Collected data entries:
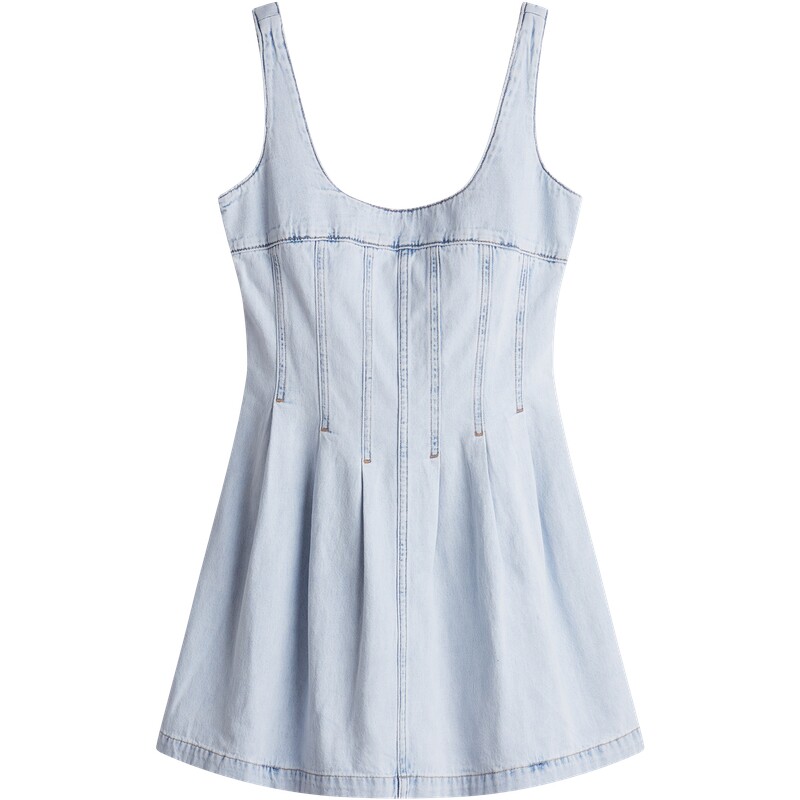Tommy女纯棉浅色吊带牛仔连衣裙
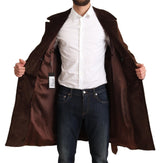 Dolce & Gabbana Classic Brown Leather Trench Coat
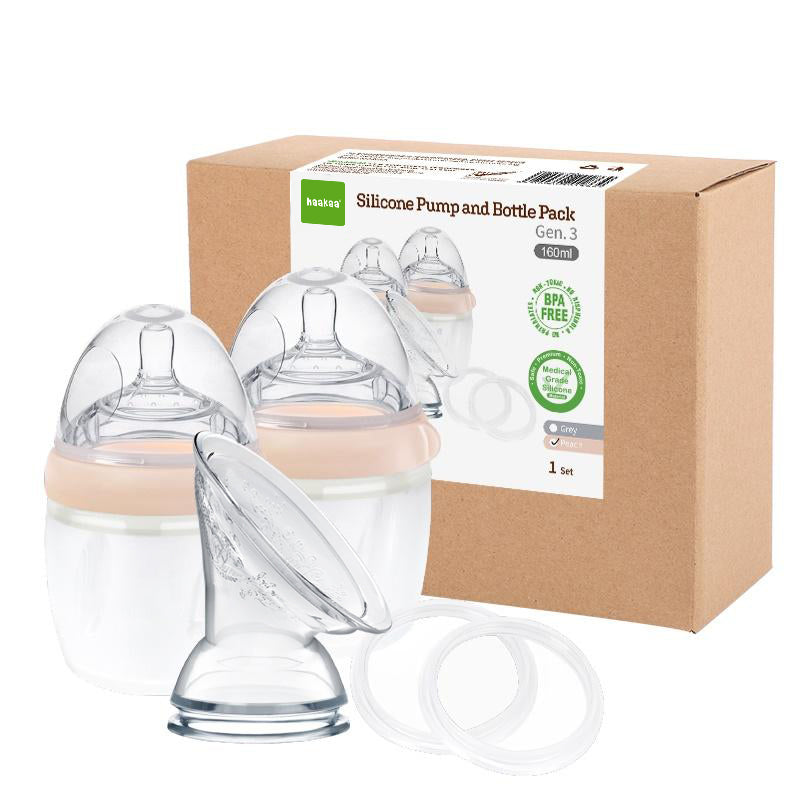 Haakaa Gen 3 – Silicone Pump  Bottle & Sealing Disc Set Peach Haakaa Yallatoys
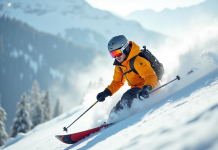 Le ski, sport extrême ou activité sportive : découvrez la réponse ici Jeune homme skieur en action sur une pente enneigee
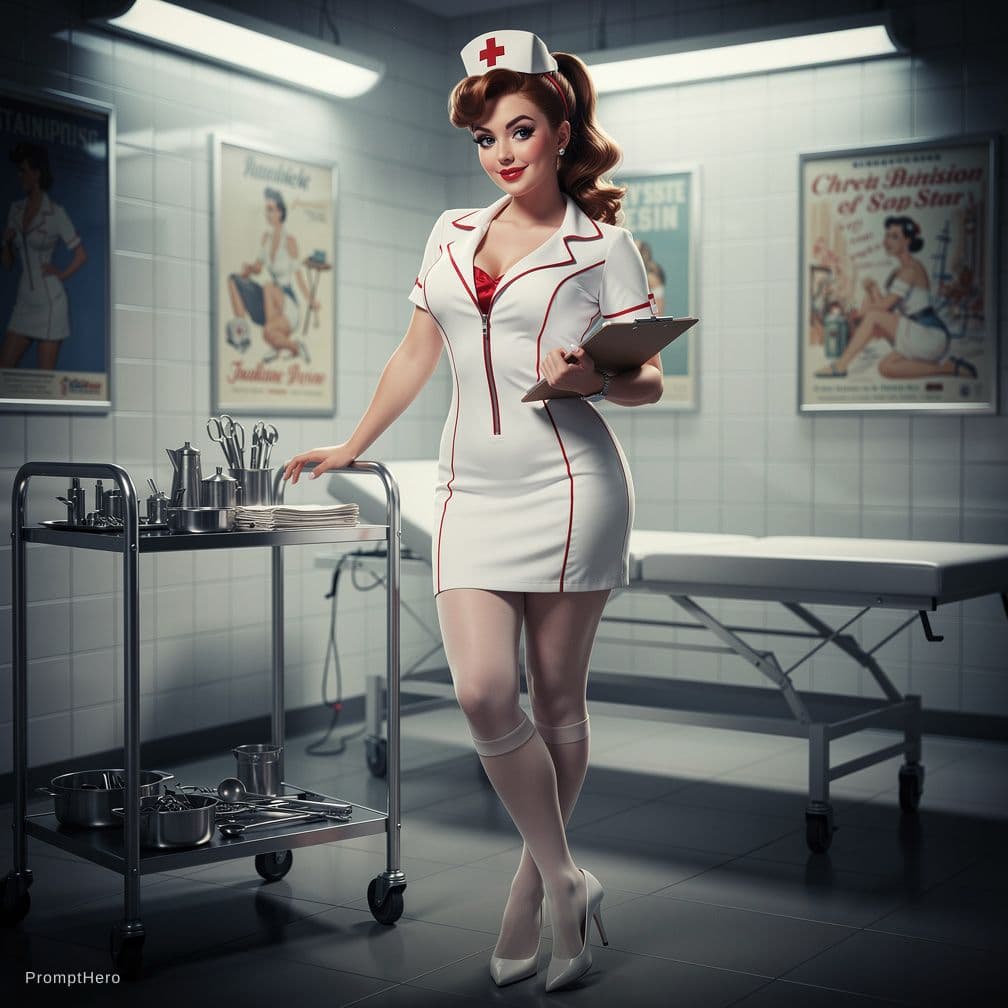 AI generated: A playful yet provocative scene of a curvy nurse with an hourglass figure and soft athletic thighs, ...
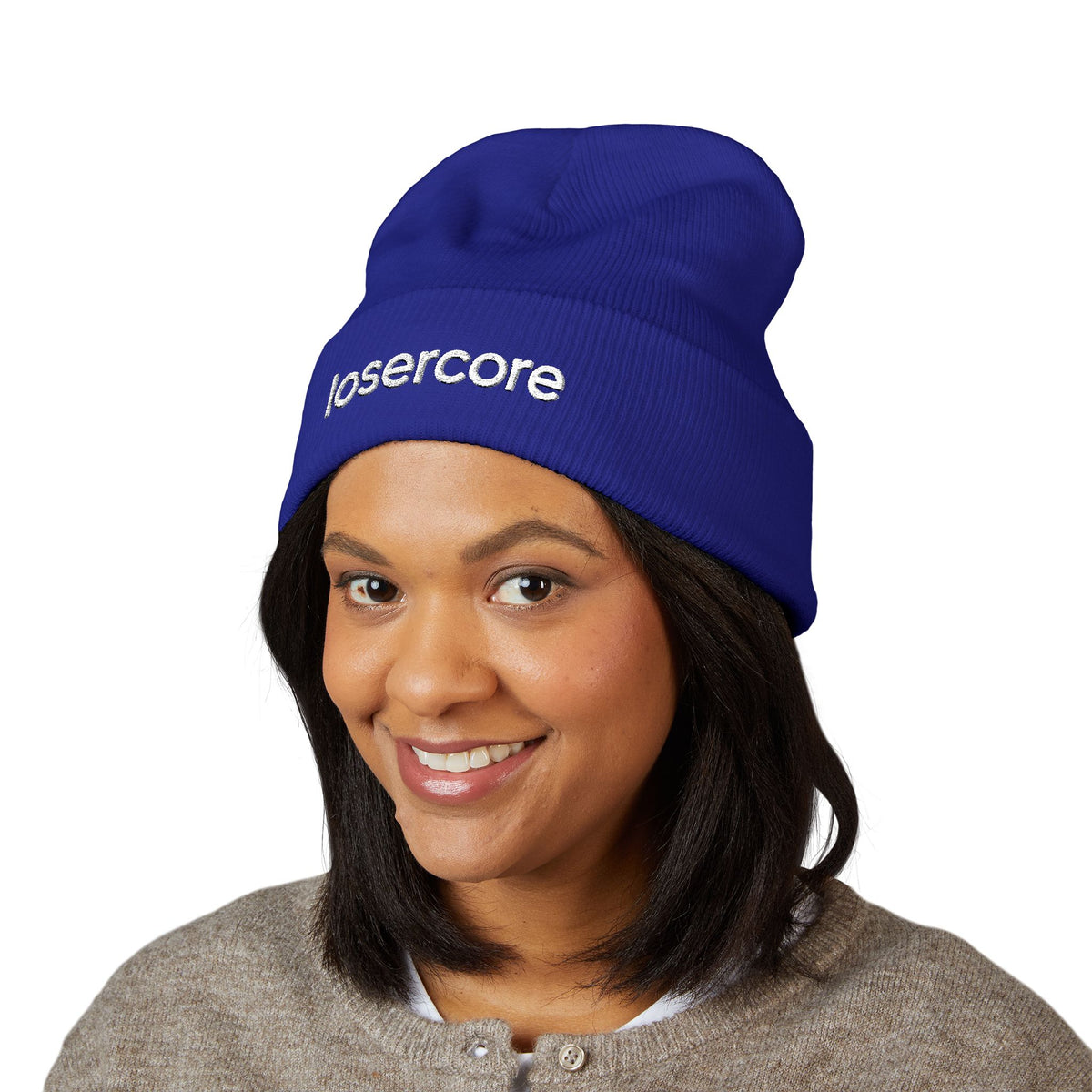 Losercore chronically online beanie with "Losercore" graphic, product photo 15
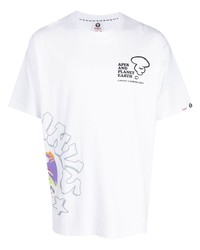 T-shirt girocollo stampata bianca di AAPE BY A BATHING APE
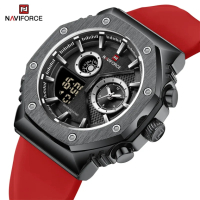 Мъжки часовник к9216с1 Naviforce red червена силиконова каишка, снимка 1 - Мъжки - 44686661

- **Work instructions**:
Beginning with the line where "Le ski, sport" appears, transcribe the records above word for word through their last line, and include no pictures.

- **Output of the task**:
 Le ski, sport extrême ou activité sportive : découvrez la réponse ici Jeune homme skieur en action sur une pente enneigee
 AI generated: A playful yet provocative scene of a curvy nurse with an hourglass figure and soft athletic thighs, ...
 Losercore chronically online beanie with "Losercore" graphic, product photo 15
 T-shirt girocollo stampata bianca di AAPE BY A BATHING APE
 Мъжки часовник к9216с1 Naviforce red червена силиконова каишка, снимка 1 - Мъжки - 44686661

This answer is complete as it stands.